We are all familiar with Mexico's most famous spirits, tequila. The heart of tequila production and home of the town Tequila, the state of Jalisco is one of the few designated states included in the tequila region. Just like Champagne and Parmigiano Reggiano (Parmesan) which are regulated with restricted regions allowed to create a product with that name, tequila is very closely controlled.

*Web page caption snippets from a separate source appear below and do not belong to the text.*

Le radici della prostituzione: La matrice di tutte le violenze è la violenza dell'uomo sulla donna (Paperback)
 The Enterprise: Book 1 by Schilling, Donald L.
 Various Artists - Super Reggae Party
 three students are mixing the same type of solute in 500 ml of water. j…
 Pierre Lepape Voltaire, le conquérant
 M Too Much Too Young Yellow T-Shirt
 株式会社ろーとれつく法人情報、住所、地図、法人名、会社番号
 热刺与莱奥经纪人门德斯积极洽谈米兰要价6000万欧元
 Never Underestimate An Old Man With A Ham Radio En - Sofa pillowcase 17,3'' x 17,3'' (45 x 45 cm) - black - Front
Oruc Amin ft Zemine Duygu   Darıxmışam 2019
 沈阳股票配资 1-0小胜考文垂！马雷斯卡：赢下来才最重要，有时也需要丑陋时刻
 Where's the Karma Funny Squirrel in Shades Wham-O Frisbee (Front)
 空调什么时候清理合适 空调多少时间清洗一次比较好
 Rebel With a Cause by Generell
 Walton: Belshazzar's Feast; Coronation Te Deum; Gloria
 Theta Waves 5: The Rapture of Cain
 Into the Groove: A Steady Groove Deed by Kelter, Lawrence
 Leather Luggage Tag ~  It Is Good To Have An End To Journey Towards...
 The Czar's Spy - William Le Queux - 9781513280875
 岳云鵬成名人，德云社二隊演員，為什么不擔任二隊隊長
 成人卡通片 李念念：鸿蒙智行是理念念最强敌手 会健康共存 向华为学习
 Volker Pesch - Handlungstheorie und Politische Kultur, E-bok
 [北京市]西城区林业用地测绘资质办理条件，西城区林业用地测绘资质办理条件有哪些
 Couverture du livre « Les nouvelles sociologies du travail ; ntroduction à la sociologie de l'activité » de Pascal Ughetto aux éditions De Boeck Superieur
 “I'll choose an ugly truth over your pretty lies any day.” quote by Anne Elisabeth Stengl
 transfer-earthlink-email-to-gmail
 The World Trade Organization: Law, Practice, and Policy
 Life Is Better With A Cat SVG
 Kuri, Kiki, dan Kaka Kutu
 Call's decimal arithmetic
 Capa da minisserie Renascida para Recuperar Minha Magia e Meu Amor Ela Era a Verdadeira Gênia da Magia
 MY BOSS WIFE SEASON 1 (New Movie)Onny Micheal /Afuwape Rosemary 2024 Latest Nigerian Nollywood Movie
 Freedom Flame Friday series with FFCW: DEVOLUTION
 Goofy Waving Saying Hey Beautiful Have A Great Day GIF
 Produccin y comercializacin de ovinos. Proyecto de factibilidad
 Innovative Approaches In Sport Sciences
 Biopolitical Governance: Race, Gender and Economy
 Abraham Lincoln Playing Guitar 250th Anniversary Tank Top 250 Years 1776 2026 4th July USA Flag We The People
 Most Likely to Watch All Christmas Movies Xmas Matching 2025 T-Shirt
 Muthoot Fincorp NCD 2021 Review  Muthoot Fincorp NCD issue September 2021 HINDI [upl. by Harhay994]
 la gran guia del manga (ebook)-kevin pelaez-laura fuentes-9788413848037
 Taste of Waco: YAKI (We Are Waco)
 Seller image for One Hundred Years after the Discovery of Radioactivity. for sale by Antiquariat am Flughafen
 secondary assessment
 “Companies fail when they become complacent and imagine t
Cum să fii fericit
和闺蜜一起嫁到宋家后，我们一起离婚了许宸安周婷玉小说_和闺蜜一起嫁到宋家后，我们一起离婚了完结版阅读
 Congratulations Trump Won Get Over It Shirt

All tequila must be made in the specified region and be made only with the blue tequila agave (so don't be too starstruck when your favorite tequila advertises "Made from 100% Blue Agave").
Raicilla agaves are green unlike the tequila agaves

Raicilla (rye-SEE-ya) is a small regional cousin of tequila. This lesser known drink is still mostly unknown to most tequila aficionados. Technically, both are types of mezcal.  All are made from the roasted 'heart' of an agave.  When the plant is mature and building up lots of sugars that are required for the very rapid and impressive development of their tall inflorescence, they are harvested by removing their leaves.  What remains is the "piña", so named because it looks like a very large pineapple (piña is pineapple in Spanish).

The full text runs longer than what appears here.